Yes. A twenty-minute break. To smoke, to talk, to nap, whatever. After the break, we returned to the hall for more singing, more speeches, and, finally, the mousse. Then everyone was gathering their coats and purses, and my dad went into farewell mode, making sure the relatives knew how thankful we were. We stood around in the hallway, watching the photographer collect group pictures. Dad kept mange takk-ing and you have a fin familie-ing. The family seemed less affected by the goodbyes. It wasn't that they were being distant, though. It's simply that the party wasn't over.

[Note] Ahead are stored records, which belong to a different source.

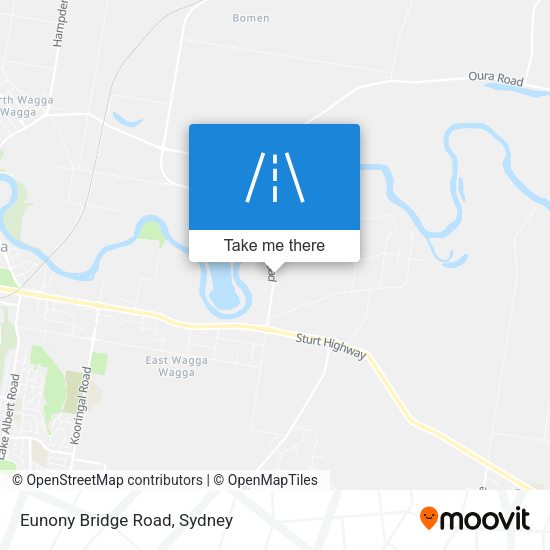 Eunony Bridge Road map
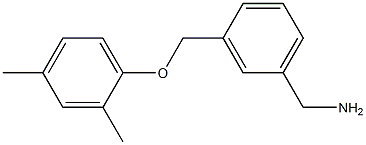 1-{3-[(2,4-dimethylphenoxy)methyl]phenyl}methanamine Structure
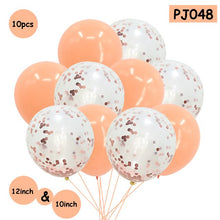 Romantic Confetti Balloons Ball Helium Balloon For Valentine's Day Wedding Party Supplies Happy Birthday Party Helium Balloon - Kesheng special effect equipment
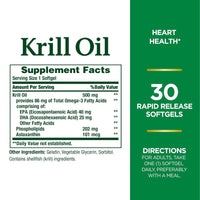 Natures Bounty Krill Oil 500mg 30 Softgel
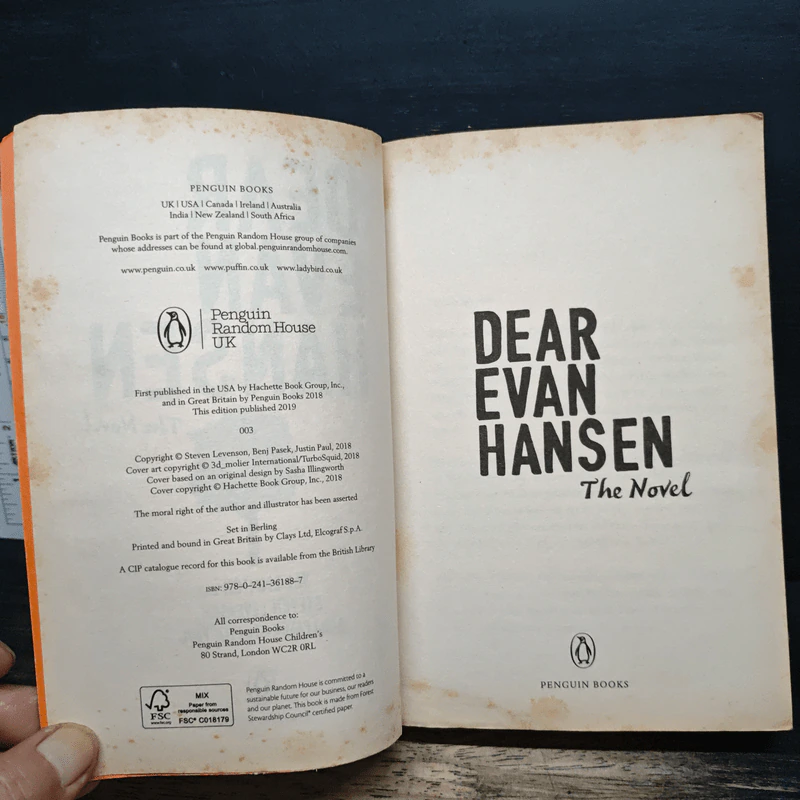 Dear Evan Hansen - Val Emmich, Steven Levenson รูปที่ 6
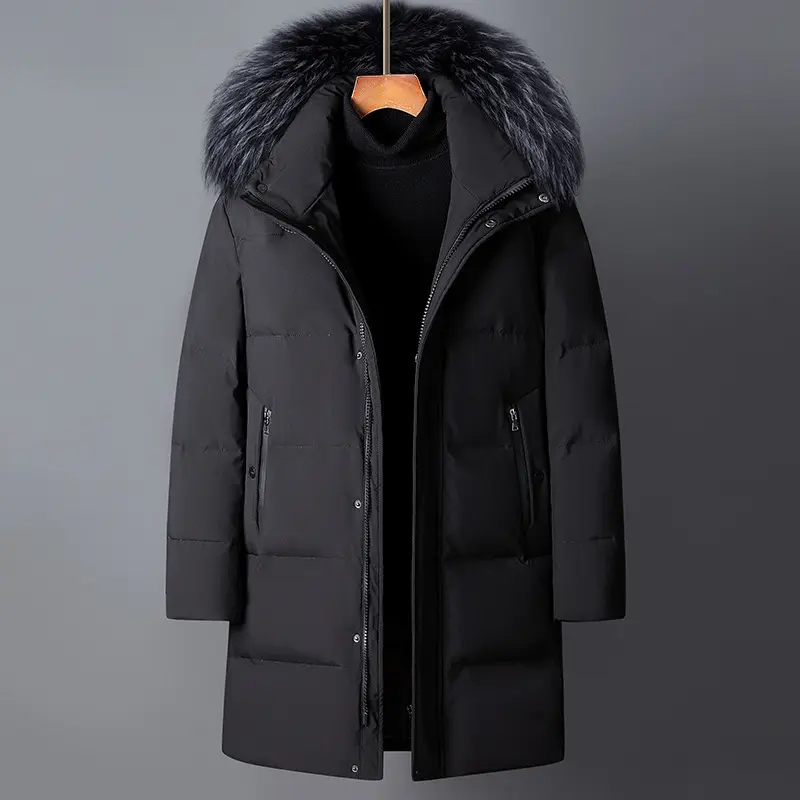 Fur Collar Mid-length Light Luxury Thickened Warm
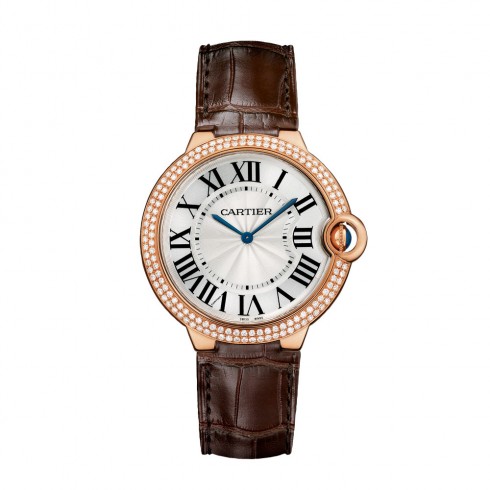 Cartier Ballon Bleu Silver Dial Men's Watch WE902055 watches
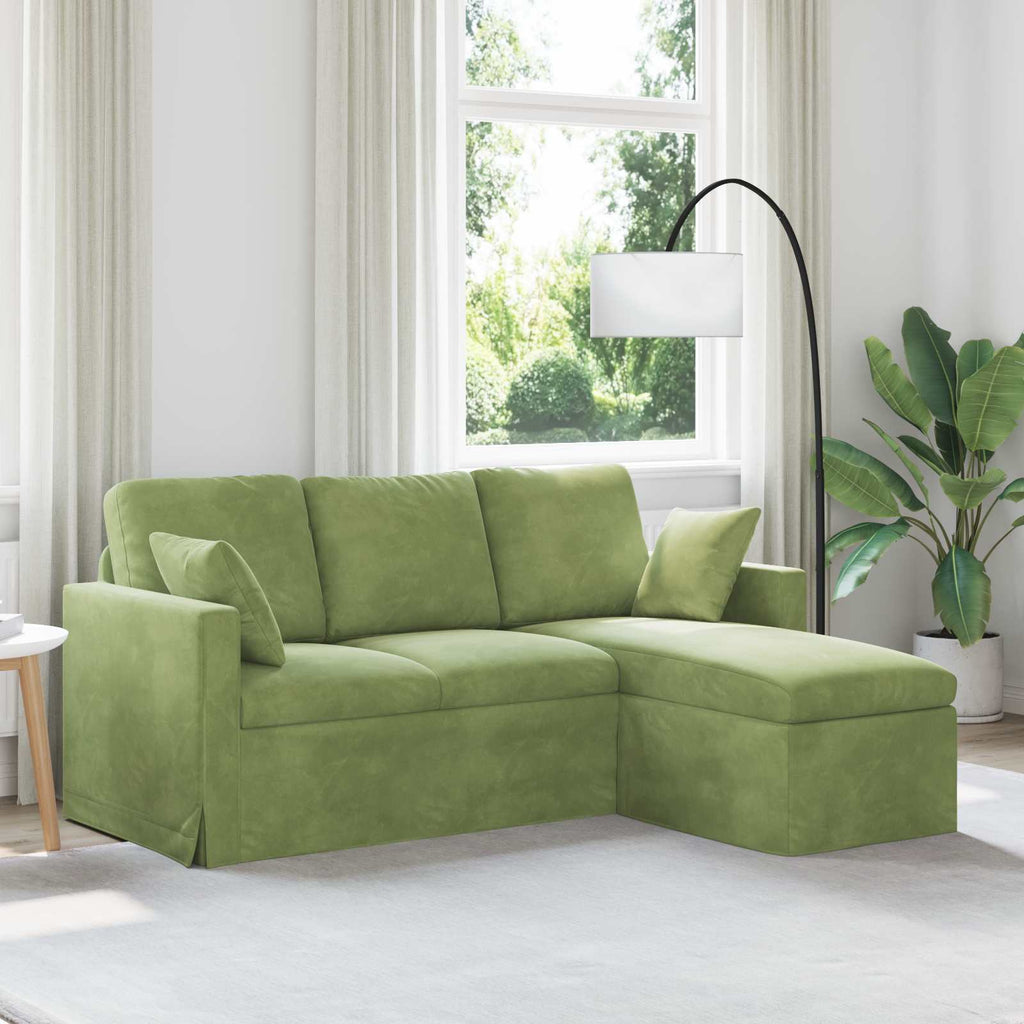 vidaXL Sofa Jasnozielony 178 x 134 x 80 cm Aksamit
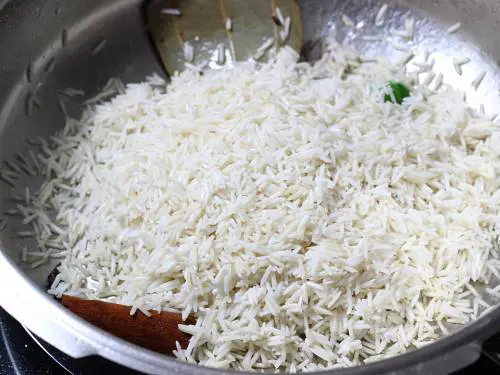 frying basmati rice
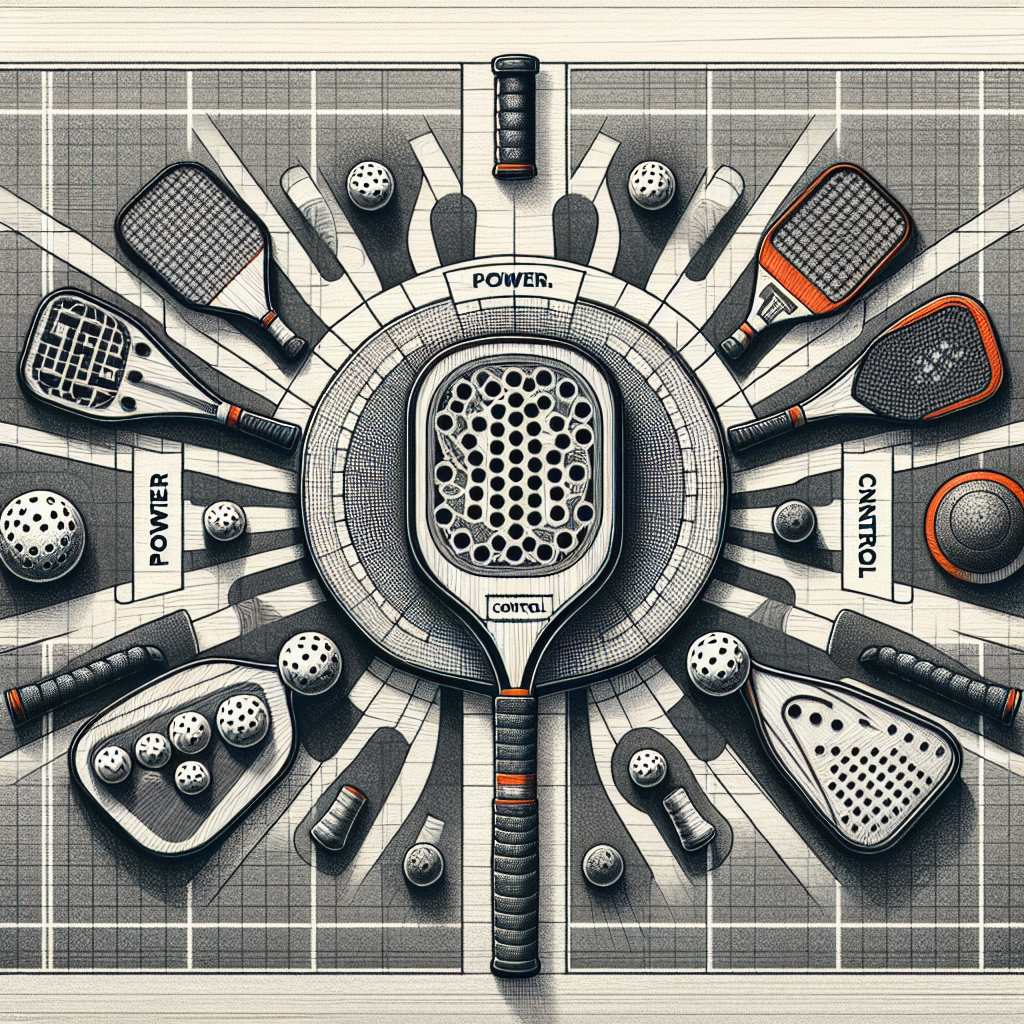 How Pickleball Paddle Materials Affect Power, Control, and Spin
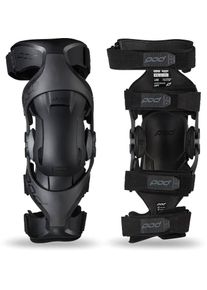 POD K4 2.0 Composite, genouill&egrave;res unisexes , couleur: Blanc/Noir , taille: XS/S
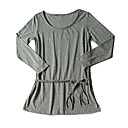 manches longues col rond motifs de points ceinturés Women's Tops (4201ba3008-0741)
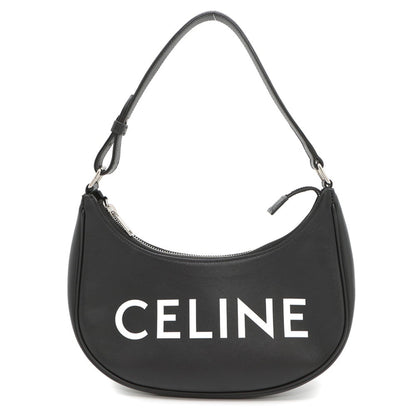 Celine Shoulder Bag Ava Leather 193953 Black
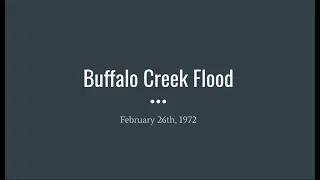 The Buffalo Creek Flood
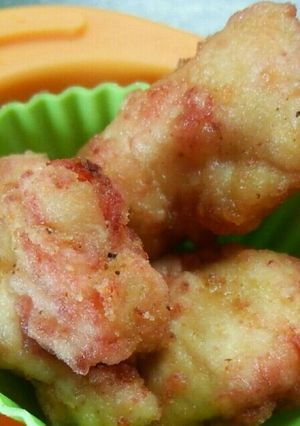 練り梅で味付。米粉唐揚げ-レシピのメイン写真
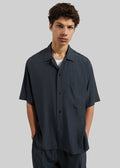 Holmen Short Sleeve Shirt - Charcoal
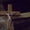 Cross Of Forgiveness, variant on Elephant Stock Christian Wall Art - Horizontal Multi Panel Canvas - Living Room Wall Decor - Religion And Spirituality Multi Panel - Black And Gray Decor - 24" x 14"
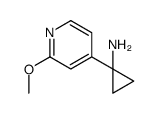 1-(2-methoxypyridin-4-yl)cyclopropan-1-amine picture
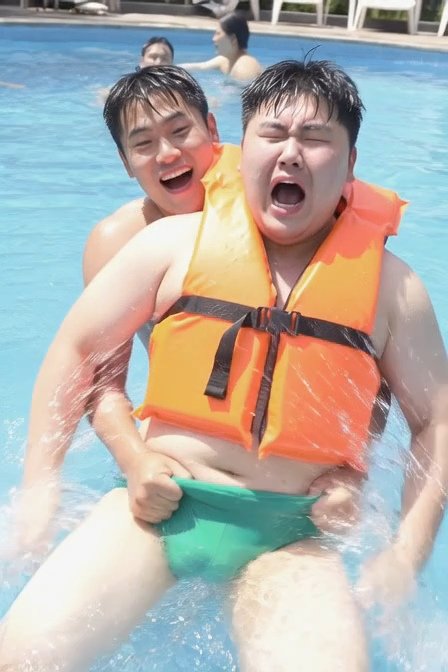 anime_siuru's tweet photo. 워터파크는 삼각만 입어야 한다고 구라치고
삼각입게 함ㅋㅋ

잡아당기니까 불알이랑 꼬추 윤곽 다 보이더라
수영복만 잡으면 놔달라고 징징거리길래
걍 벗겨줬다

어차피 소추라 아무도 모를듯?
잼민이들이 저 형 꼬추보인다 하던데
알빠노

#소추 #수치 #게이 https://t.co/y7QEOcnHHc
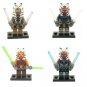4pcs Ahsoka Tano Minifigures Lego Compatible Star Wars Sets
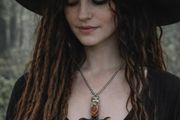 1 Crow Claws Soldered with the most beautiful Opal in Matrix Talisman
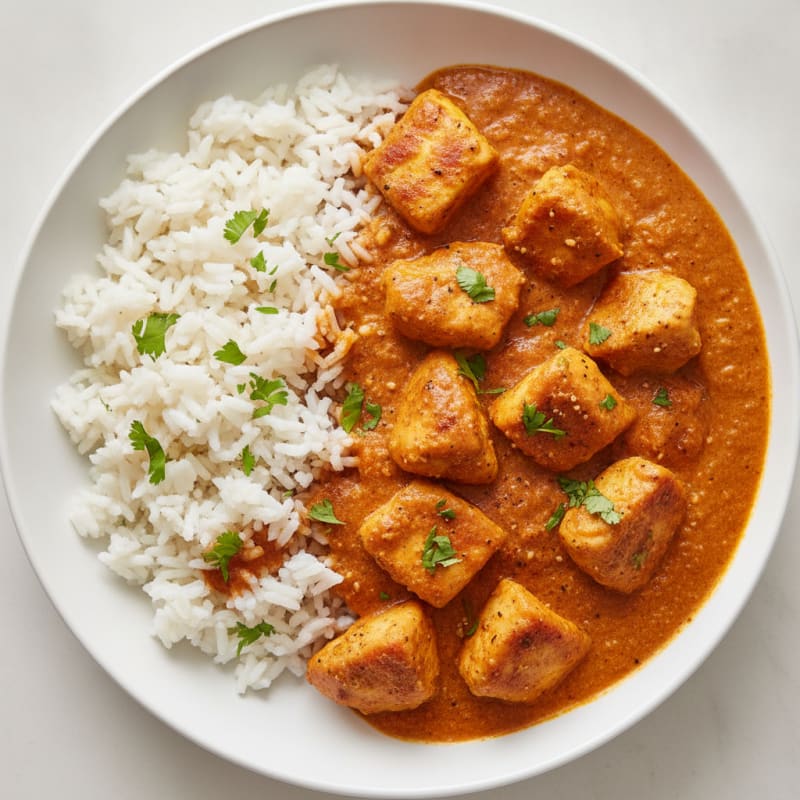 Chicken Tikka Masala with Basmati Rice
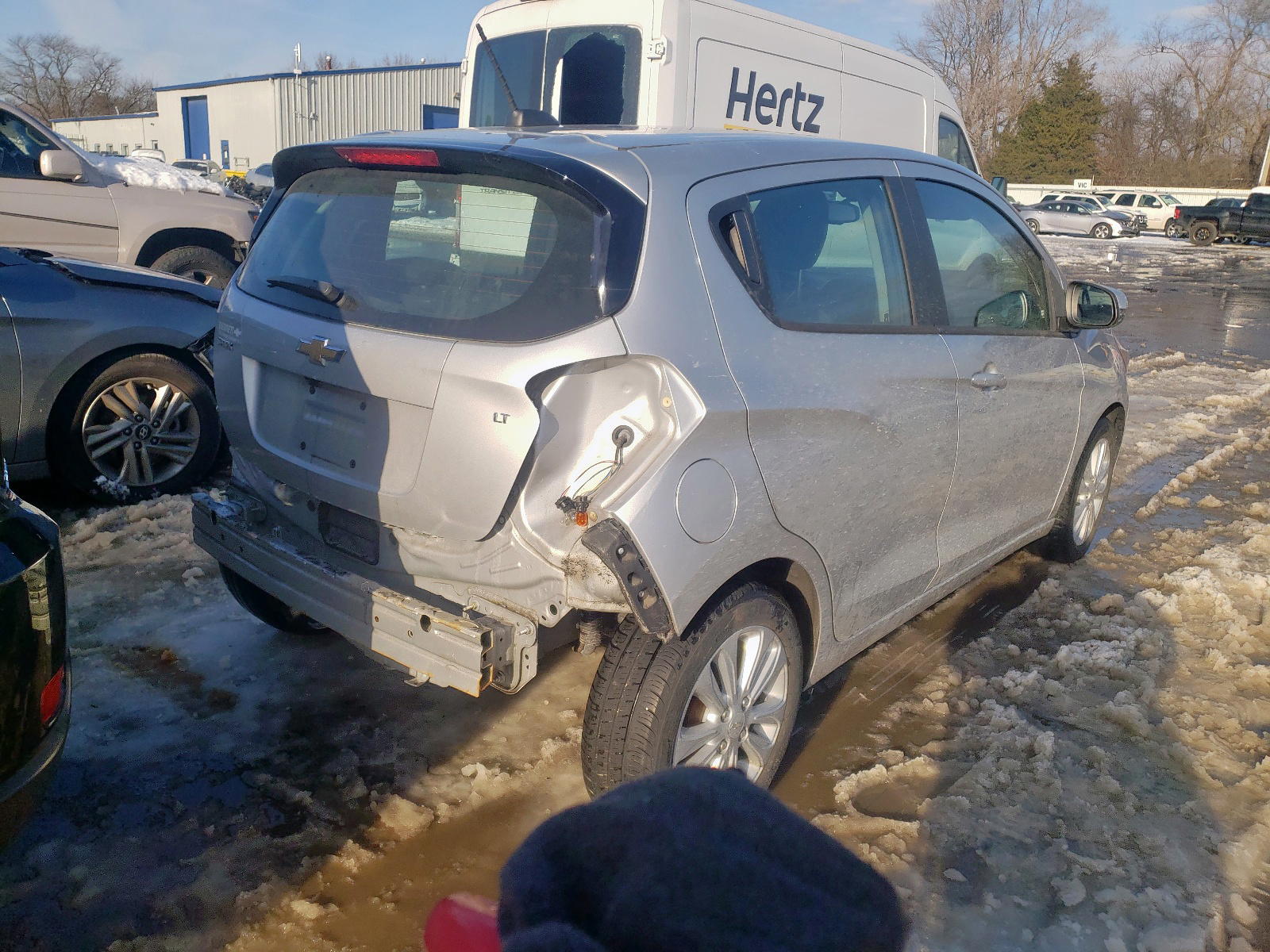 Photo 4 from auction – 2017 CHEVROLET SPARK 1LT with VIN KL8CD6SA1HC822190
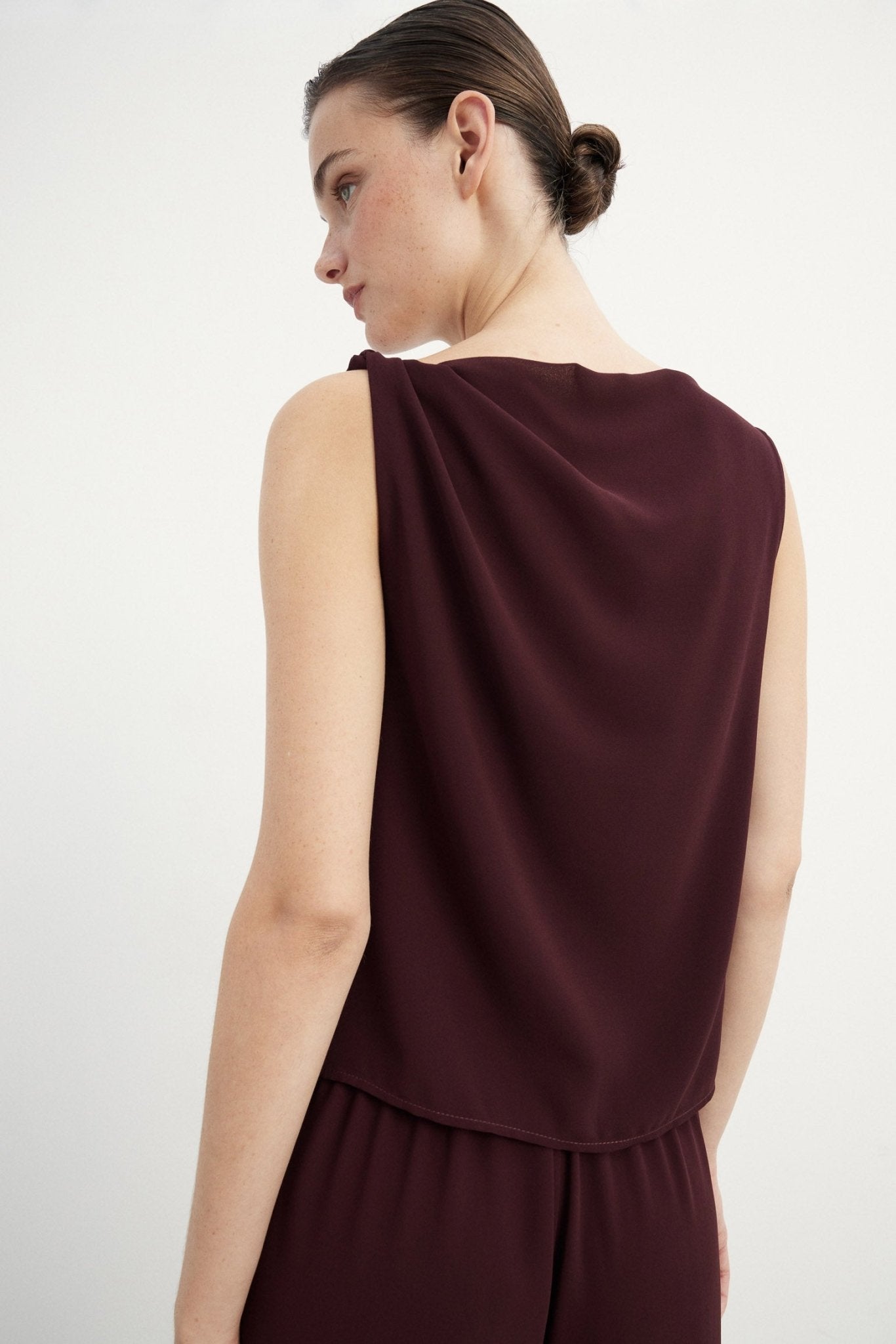 Blusa RÍO Burgundy - BIMANI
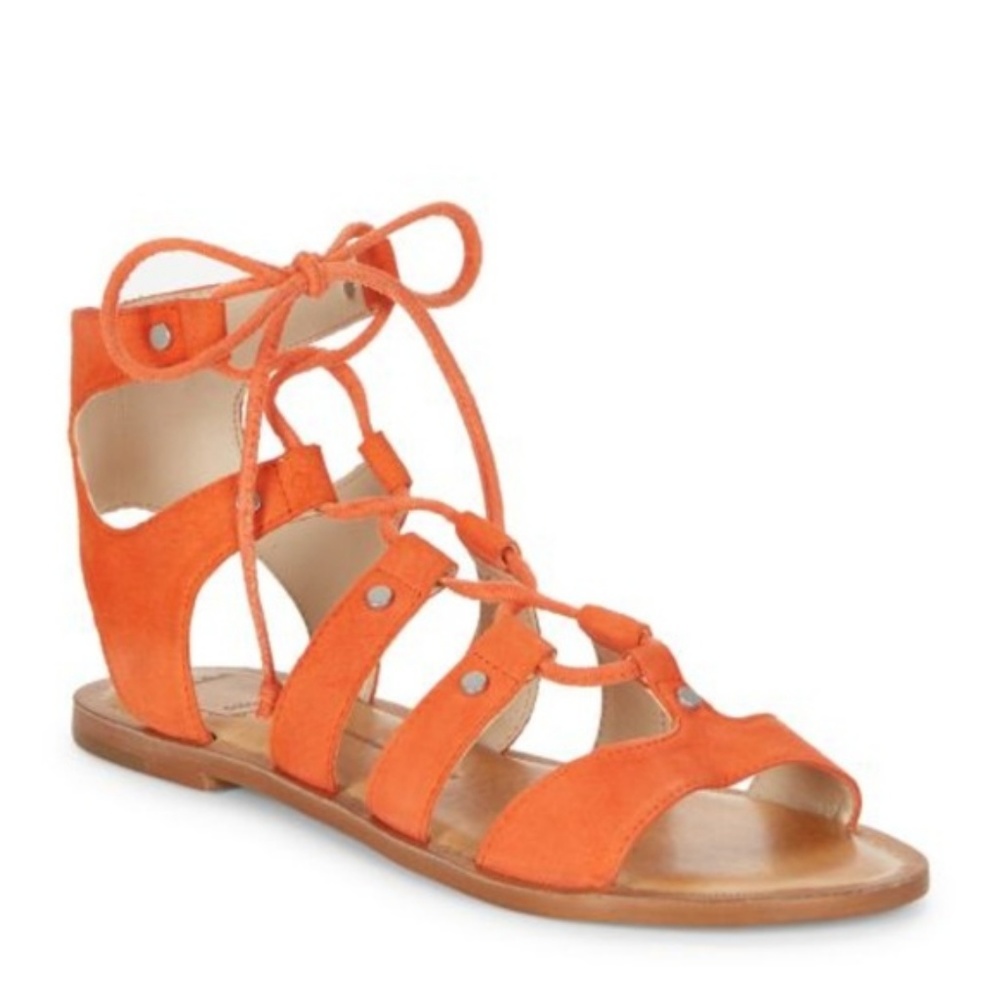 New Dolce Vita Leather Jasmyn Gladiator Sandals - Picture 2 of 6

See, after an hour or so of milling about during the photos, there was a dance. Just one. It's a traditional Norwegian dance in which hand-holding couples line up and walk around the building. It also includes making arches with your hands, walking under the arches, and clapping. In order words, the perfect dance for someone with no moves like me. (Sarah, I know you're reading this, so yes, I held hands with a boy. He is my fifth cousin or something like that, and he definitely wiped his sweaty hand on his pants once he'd let go of mine. In other words, no one fell in love.)

When that dance ended, everyone was called back into another giant room for the variety show. A guy and girl in diapers (representing Hege's daycare job) emceed another couple of hours of videos, songs, speeches, skits, which Magnus and Drude leaned over occasionally to translate.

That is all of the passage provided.